If you feel that no major red flags have been raised, you can then start investing time and energy into investigating the opportunity.
Before committing to any financial deal:
- Make sure that you evaluate the investment from different angles. Even if it is a close family member or a friend who is offering the opportunity, do your due diligence – either by yourself or pay someone to do it for you. Verify any claims with an independent third party. Use the internet to research investment marketers and their products.
- Make sure you understand all the obfuscation and jargon that you will have been bombarded with. People often use long words to sound impressive in the hope the target won’t want to seem unintelligent by questioning. Don’t be concerned about how you may seem to others – it’s your money that you are safeguarding.
- Look for transparency within the deal. Manipulative sales processes often hide crucial information. Be skeptical, question and re-question. In-depth due diligence guidance is beyond the scope of this article, but basic due diligence questions include:
- What are the expected investment return characteristics?
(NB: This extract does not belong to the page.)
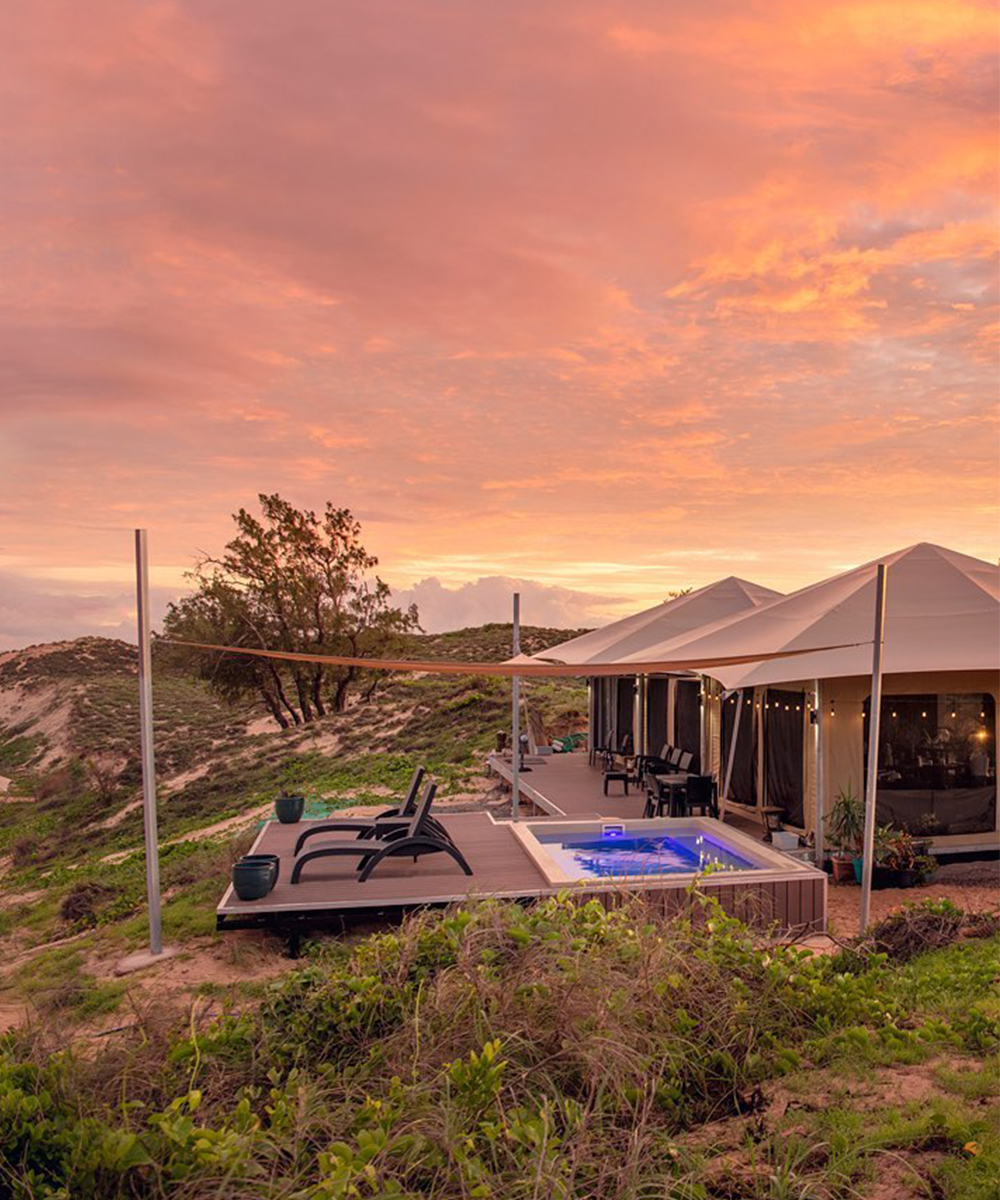 a stunning pink sky lights up over the sea with glamping tents dotted along the sand.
- What is the investment risk profile?
- How realistic is the expected return?
- What are the risks?
- How do I lose money with the investment? There is no such thing as a guaranteed investment.
- What are the assumptions and drivers behind the expected return?
- What is my exit strategy?
- Does this investment make good business sense?
- What is the background and history of each principal involved? Do they have the experience to resolve issues that will arise?
It may be a good opportunity, but is it right for you now?
Once you have satisfied yourself that the investment is a sound one, you still need to analyze whether or not it is the right investment for you, at this particular point in time. Ask yourself how the investment fits into your financial plan. Will your funds be available when you need them? Does the timeline for the investment return suit your short/medium and/or long-term goals? Can you afford the level of risk that this investment entails? The tax consequences of the investment must also be factored in to your decision. Don’t let your emotions replace your common sense when deciding whether to proceed. It is far, far better to err on the side of caution than risk losing your savings. Caveat emptor – Buyer beware. Critical thinking is crucial as you go through the investment decision process. Remember that everyone has a bias, and investment marketers and sponsors are no different to any other salesperson trying to convince you to buy something.
Chasing high returns in a low-risk environment is very challenging. Think critically about what is appropriate for you and your family and only invest where you can truly understand the risks involved. It’s no laughing matter to lose a large sum of money, but everyone can protect themselves from that devastating outcome by ensuring that their dreams of getting rich quickly are not just someone else’s get-rich scheme. Behatzlacha!